🔴 📦 Open Source Wednesday, May 6, 2026 · 2 min read ·

Allen Institute: MolmoAct 2 is the first open-source robotics foundation model to outperform GPT-5 and Gemini 2.5 Pro

Editorial illustration: dual-arm Franka robot with an open box in a laboratory, symbolizing the open-source MolmoAct 2 foundation model

MolmoAct 2 is an open-source robotics foundation model released on May 5 by Allen Institute for AI. The model achieves 63.8/100 on embodied-reasoning benchmarks, outperforms GPT-5 and Gemini 2.5 Pro, accelerates inference 37×, and is the first base model with built-in bimanual capabilities.

🤖

This article was generated using artificial intelligence from primary sources.

Allen Institute for AI (AI2) released MolmoAct 2 on May 5, 2026 — the first open-source robotics foundation model to outperform closed systems such as Physical Intelligence and frontier models GPT-5 and Gemini 2.5 Pro on embodied-reasoning benchmarks.
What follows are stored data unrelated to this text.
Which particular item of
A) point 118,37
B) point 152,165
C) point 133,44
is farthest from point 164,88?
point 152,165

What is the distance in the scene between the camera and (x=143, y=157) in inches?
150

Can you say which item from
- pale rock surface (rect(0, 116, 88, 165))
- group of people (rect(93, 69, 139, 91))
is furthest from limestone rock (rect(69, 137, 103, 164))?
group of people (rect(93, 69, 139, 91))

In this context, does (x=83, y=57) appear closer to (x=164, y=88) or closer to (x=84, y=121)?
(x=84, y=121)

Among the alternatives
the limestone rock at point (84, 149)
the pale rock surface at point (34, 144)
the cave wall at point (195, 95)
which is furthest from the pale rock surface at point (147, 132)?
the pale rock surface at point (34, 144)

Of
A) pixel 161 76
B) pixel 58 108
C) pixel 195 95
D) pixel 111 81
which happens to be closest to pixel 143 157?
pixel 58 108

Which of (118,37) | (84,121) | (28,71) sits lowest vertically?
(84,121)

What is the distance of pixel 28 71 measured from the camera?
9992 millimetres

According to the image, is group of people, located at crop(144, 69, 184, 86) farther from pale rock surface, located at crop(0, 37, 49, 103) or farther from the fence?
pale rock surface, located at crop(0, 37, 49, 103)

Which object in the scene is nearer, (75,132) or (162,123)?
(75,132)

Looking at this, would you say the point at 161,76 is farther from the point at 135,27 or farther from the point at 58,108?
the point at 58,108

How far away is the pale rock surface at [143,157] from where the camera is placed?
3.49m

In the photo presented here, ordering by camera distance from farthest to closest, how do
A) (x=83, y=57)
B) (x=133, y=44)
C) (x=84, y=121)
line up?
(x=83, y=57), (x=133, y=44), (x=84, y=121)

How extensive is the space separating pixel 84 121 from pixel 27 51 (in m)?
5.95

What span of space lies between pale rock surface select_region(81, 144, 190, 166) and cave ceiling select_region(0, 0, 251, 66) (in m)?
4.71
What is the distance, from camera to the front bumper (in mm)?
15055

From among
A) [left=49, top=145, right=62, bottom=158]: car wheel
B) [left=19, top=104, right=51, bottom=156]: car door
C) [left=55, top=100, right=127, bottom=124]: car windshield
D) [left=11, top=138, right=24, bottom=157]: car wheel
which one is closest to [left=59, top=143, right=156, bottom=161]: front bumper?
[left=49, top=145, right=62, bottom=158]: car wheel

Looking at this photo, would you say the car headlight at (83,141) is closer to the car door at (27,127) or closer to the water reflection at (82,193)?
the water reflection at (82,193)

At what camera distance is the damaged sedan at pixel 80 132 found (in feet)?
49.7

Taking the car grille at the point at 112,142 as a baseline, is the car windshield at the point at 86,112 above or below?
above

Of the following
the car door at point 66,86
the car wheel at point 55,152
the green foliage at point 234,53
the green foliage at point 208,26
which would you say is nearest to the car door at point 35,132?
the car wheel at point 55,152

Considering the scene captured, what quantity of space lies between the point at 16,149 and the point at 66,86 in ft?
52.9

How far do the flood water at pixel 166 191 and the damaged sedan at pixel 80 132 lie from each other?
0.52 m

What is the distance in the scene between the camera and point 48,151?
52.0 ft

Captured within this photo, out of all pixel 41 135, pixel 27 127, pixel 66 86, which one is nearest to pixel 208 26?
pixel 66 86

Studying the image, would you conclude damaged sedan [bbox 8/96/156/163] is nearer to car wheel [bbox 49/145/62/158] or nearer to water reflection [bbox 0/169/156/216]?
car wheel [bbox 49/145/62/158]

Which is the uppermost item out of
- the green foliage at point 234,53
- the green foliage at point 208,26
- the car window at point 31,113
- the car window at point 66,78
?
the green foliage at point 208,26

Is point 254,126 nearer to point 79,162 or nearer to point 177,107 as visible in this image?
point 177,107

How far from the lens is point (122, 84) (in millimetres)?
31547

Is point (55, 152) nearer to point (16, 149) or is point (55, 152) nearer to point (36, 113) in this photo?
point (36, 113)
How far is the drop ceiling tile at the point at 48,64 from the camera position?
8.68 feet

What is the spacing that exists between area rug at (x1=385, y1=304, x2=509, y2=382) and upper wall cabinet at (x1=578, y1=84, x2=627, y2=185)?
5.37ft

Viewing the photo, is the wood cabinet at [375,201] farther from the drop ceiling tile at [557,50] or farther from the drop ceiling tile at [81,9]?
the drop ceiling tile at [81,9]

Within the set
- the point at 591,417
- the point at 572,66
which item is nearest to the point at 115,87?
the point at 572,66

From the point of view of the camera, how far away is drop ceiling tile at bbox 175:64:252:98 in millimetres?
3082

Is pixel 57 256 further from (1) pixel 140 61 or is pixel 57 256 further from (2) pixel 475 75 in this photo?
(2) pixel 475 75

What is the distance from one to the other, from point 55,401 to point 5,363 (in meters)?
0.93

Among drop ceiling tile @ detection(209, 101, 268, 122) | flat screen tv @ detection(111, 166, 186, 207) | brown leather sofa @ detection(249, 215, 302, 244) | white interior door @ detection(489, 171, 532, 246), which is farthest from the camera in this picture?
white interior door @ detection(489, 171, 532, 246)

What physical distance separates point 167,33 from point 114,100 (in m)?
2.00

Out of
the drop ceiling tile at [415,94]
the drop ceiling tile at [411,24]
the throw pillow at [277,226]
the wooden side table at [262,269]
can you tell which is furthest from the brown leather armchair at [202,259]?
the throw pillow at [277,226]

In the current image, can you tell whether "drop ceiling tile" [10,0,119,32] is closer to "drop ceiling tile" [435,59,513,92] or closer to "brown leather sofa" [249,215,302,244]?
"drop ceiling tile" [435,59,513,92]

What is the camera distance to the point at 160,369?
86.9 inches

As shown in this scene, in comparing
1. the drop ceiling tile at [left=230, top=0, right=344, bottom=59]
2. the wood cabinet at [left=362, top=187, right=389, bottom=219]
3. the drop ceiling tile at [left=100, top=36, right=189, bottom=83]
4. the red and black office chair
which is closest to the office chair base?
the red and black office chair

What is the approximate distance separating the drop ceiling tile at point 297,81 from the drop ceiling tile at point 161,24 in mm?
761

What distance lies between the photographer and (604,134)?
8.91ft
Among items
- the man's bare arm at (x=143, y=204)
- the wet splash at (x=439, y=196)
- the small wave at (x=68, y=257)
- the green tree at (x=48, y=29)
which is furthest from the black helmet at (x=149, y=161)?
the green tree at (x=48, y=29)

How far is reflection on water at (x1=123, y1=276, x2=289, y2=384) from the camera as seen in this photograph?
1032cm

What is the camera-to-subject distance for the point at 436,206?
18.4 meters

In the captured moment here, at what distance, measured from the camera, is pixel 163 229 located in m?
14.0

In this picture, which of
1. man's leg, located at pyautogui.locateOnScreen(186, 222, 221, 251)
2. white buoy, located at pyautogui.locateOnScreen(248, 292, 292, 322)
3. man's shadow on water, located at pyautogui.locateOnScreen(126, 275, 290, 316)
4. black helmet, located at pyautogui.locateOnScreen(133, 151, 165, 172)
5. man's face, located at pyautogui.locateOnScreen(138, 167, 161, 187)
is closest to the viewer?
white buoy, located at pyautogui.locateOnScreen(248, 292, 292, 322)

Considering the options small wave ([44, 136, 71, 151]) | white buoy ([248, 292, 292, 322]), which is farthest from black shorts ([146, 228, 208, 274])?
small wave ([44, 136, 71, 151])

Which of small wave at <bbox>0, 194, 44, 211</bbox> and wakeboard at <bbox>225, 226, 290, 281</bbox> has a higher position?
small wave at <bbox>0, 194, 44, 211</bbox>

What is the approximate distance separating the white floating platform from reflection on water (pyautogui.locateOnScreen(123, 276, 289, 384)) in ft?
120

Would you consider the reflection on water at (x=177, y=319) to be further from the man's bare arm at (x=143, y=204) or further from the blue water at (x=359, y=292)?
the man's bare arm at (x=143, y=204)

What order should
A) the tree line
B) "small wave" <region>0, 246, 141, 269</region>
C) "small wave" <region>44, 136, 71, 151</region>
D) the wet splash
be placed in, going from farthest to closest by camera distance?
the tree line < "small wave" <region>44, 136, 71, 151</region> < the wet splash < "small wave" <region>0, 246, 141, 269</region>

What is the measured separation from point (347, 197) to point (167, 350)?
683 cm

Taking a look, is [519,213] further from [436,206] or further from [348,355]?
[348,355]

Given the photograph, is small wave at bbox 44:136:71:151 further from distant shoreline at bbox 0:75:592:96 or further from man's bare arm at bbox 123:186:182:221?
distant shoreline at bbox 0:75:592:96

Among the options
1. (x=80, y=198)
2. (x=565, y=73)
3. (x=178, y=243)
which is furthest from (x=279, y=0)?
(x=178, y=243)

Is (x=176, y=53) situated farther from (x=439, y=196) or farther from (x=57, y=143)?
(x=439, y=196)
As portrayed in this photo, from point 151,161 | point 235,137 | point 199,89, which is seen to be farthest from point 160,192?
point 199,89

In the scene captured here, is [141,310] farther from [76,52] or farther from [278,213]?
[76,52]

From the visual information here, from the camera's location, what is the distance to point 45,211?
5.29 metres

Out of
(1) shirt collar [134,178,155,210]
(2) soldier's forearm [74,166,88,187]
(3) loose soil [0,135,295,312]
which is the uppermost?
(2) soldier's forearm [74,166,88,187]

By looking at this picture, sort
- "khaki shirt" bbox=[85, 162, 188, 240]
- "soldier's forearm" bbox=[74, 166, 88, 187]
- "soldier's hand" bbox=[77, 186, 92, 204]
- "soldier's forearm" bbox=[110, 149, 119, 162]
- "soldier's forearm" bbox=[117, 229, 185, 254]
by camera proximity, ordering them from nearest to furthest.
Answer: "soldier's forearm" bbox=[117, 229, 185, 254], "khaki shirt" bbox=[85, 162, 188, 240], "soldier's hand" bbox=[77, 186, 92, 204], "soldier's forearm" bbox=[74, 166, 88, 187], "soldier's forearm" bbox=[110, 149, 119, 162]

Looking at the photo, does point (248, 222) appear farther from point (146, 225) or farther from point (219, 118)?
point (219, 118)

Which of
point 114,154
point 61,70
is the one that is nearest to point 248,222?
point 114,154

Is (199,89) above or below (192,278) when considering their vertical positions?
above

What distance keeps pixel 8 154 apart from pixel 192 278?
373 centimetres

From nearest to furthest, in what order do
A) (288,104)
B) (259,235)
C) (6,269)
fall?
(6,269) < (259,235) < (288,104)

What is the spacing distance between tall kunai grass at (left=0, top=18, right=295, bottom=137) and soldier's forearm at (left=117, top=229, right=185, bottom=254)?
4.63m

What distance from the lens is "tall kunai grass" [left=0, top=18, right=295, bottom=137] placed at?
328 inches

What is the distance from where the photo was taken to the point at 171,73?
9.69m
A robotics foundation model is a large base model trained on a combination of visual and action data, enabling a robot to execute diverse physical tasks from natural language without task-specific training.

What are the three key changes in MolmoAct 2?

The first change is raw performance: the model achieves 63.8/100 on embodied-reasoning benchmarks, placing it ahead of GPT-5 and Gemini 2.5 Pro. The second is a dramatic speedup — by optimizing the KV-cache bridge between the vision model and action expert, inference is accelerated 37×, from 6.7 seconds to 180 milliseconds per action. The third is built-in bimanuality — coordinated two-arm manipulation without per-task fine-tuning, making MolmoAct 2 the first base model of its kind.

The model is built on the Molmo 2-ER base trained on approximately 3 million additional embodied-reasoning examples.

What do the benchmark results look like in practice?

On the LIBERO benchmark, a standard academic test for robot learning, MolmoAct 2 achieves 97.2% success. On real-world tasks with a Franka arm robot, success is 87.1%, while on the new MolmoBot household benchmark (a set of household tasks) it achieves 20.6% — twice the score of the second-place model.

The gap between LIBERO and MolmoBot shows how challenging real messy household conditions remain: even a model solving 97% of academic tasks succeeds in only one-fifth of real household scenarios.

What does AI2 release alongside the model?

In addition to model weights, AI2 releases the YAM Dataset with over 720 hours of bimanual demonstrations — 30 times more than the original MolmoAct dataset — as well as complete training code and a reference hardware setup that other labs can replicate.

All artifacts — weights, dataset, code, and hardware specifications — are publicly available. This makes MolmoAct 2 the first serious open answer to closed robotics foundation models, giving researchers, universities, and smaller companies a foundation to build their own applications without licensing restrictions.

Frequently Asked Questions

What is a robotics foundation model?
A robotics foundation model is a large base model trained on visual and action data that enables robots to perform tasks from natural language instructions without fine-tuning for each new task.
What are bimanual capabilities in robotics?
Bimanual capabilities mean the robot coordinates two arms on a single task — for example, holding a container with one arm while pouring with the other. MolmoAct 2 is the first base model to do this without per-task training.
What is the YAM Dataset?
The YAM Dataset is a new public collection of over 720 hours of bimanual robot demonstrations released by AI2 alongside the model — 30 times more demonstrations than the original MolmoAct dataset.